**WORK TO COMPLETE:** Copy exactly the stretch of data below from the line with "Chaise de salle" through the line with "Miscly Flat Shoelaces", including both of those lines.

**TASK MATERIAL:**
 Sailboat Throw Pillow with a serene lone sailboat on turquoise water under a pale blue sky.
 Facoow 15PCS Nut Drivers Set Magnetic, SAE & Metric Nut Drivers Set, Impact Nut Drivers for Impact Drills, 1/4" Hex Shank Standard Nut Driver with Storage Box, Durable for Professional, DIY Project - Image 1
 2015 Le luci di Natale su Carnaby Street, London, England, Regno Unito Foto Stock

==

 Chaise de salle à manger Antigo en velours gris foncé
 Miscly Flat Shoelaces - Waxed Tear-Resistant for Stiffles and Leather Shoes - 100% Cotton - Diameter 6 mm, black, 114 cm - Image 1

**REPLY:**
 Chaise de salle à manger Antigo en velours gris foncé
 Miscly Flat Shoelaces - Waxed Tear-Resistant for Stiffles and Leather Shoes - 100% Cotton - Diameter 6 mm, black, 114 cm - Image 1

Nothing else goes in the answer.